April 19, 2024

Trump Administration pushes back against reproductive rights as human rights

What do they really mean, asks State Department official

Ambassador Michael Kozak at release of US government's human rights report 

More pushback from the Trump Administration against “reproductive rights” can be seen in the latest Country Reports on Human Rights Practices. The 2017 edition omits a section called “reproductive rights” in which access to contraception and abortion, as well as maternal mortality rates, was sketched out for every country. In its place is a section called coercion in population control which discusses instances of “coerced abortion, involuntary sterilization, or other coercive population control methods”. This is not what supporters of abortion rights mean by “reproductive rights”, which ought to include access to contraception and abortion.

It was the Trump Administration’s first chance to alter the Obama’s Aminstration’s focus on reproductive rights as a fundamental human right. “Reproductive rights are human rights, and omitting the issue signals the Trump administration’s latest retreat from global leadership on human rights,” said a spokeswoman for Amnesty International USA.

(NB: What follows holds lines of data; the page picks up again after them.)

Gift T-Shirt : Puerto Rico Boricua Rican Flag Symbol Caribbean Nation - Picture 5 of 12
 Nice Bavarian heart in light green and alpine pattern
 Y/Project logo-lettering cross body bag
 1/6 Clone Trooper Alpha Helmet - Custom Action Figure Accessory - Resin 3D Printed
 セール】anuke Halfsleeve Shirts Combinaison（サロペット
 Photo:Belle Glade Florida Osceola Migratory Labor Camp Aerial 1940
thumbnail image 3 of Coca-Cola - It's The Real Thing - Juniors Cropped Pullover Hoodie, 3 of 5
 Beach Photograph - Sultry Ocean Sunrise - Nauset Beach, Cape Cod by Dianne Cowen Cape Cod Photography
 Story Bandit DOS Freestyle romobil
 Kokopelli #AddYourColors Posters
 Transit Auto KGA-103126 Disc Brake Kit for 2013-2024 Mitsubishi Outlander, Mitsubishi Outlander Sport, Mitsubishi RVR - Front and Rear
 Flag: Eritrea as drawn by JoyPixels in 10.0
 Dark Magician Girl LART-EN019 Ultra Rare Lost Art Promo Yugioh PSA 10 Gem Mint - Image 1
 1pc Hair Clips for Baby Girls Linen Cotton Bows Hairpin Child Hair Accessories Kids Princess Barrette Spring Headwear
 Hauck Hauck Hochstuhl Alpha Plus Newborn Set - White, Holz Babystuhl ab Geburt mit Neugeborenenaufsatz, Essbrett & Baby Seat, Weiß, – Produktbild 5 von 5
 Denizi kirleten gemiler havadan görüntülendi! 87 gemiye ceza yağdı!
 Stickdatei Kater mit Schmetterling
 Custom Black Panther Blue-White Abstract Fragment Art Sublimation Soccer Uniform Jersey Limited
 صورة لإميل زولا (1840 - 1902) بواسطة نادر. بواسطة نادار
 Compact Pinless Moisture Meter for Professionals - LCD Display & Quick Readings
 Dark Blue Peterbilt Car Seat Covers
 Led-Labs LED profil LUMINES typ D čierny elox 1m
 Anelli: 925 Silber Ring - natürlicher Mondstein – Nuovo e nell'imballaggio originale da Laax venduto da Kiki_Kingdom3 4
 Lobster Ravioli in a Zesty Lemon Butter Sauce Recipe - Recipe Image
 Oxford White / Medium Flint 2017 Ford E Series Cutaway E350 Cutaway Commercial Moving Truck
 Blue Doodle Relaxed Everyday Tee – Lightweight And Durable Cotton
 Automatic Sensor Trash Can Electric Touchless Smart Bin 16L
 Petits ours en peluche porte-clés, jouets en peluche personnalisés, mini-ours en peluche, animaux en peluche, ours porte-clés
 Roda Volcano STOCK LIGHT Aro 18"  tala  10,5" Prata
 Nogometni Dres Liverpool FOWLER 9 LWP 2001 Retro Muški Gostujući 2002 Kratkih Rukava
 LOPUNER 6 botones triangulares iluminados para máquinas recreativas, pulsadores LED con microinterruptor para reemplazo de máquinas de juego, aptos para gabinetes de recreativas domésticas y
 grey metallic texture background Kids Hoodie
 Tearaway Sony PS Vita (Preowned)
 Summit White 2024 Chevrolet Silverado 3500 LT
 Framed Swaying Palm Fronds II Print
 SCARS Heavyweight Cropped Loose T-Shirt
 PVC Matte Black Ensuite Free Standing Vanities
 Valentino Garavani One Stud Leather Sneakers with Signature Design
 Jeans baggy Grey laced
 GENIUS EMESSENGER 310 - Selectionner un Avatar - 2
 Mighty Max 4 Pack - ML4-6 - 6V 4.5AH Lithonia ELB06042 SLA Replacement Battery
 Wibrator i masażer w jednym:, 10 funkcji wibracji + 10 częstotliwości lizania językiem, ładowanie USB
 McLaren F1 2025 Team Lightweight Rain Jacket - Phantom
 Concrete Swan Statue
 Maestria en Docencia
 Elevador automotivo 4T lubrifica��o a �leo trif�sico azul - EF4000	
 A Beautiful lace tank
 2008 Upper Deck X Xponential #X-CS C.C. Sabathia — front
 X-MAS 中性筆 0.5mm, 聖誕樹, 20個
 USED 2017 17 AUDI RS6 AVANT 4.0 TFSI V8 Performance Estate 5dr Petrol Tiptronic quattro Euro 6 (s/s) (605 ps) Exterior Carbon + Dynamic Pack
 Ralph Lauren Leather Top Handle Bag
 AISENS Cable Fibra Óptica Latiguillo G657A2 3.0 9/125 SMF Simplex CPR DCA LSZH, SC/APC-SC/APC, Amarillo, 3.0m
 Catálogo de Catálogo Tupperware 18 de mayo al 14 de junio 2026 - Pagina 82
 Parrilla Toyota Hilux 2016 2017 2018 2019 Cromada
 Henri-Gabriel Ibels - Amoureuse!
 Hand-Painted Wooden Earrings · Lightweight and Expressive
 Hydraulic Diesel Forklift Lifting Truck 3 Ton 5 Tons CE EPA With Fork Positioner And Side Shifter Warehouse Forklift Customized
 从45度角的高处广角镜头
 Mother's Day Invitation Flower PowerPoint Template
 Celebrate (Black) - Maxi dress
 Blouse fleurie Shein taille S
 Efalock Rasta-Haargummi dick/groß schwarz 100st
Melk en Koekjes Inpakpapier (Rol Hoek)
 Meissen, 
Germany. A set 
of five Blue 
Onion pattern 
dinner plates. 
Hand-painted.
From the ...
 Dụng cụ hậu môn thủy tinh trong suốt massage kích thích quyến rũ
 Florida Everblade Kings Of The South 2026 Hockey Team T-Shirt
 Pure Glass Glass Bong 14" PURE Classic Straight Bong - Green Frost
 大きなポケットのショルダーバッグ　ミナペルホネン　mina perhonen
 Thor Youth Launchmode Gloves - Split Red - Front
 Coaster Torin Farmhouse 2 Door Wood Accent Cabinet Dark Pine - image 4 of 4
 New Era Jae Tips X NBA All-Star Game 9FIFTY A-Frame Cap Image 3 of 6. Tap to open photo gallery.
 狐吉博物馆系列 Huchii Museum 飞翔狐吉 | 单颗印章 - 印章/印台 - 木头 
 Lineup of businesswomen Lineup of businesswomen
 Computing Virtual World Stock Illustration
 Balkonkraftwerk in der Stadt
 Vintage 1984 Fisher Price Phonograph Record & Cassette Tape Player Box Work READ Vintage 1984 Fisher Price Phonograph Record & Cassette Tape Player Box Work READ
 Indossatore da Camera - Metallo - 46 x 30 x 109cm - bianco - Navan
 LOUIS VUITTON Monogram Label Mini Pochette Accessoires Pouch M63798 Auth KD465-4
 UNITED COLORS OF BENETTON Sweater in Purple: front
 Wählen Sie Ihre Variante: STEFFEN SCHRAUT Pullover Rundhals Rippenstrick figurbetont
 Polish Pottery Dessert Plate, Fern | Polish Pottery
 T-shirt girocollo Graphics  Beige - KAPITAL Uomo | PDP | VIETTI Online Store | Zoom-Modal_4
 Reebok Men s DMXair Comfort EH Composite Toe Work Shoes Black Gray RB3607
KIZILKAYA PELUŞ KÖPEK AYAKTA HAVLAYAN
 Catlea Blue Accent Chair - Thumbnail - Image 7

The State Department had a different story. A senior official with the Bureau of Democracy, Human Rights and Labor, Michael Kozak, said a discussion of abortion was omitted because there was no international consensus on whether women must have access to the procedure, although there is a consensus on the wrong of forced abortions.

“Reproductive rights,” said Mr Kozak, is “one of the few terms that are used in the report that isn’t derived from an international treaty that has a definition or derived from U.S. law, where there’s a clear definition to the term.

We don’t report on it because it’s not a human right,” he said. “It’s an issue of great policy debate.”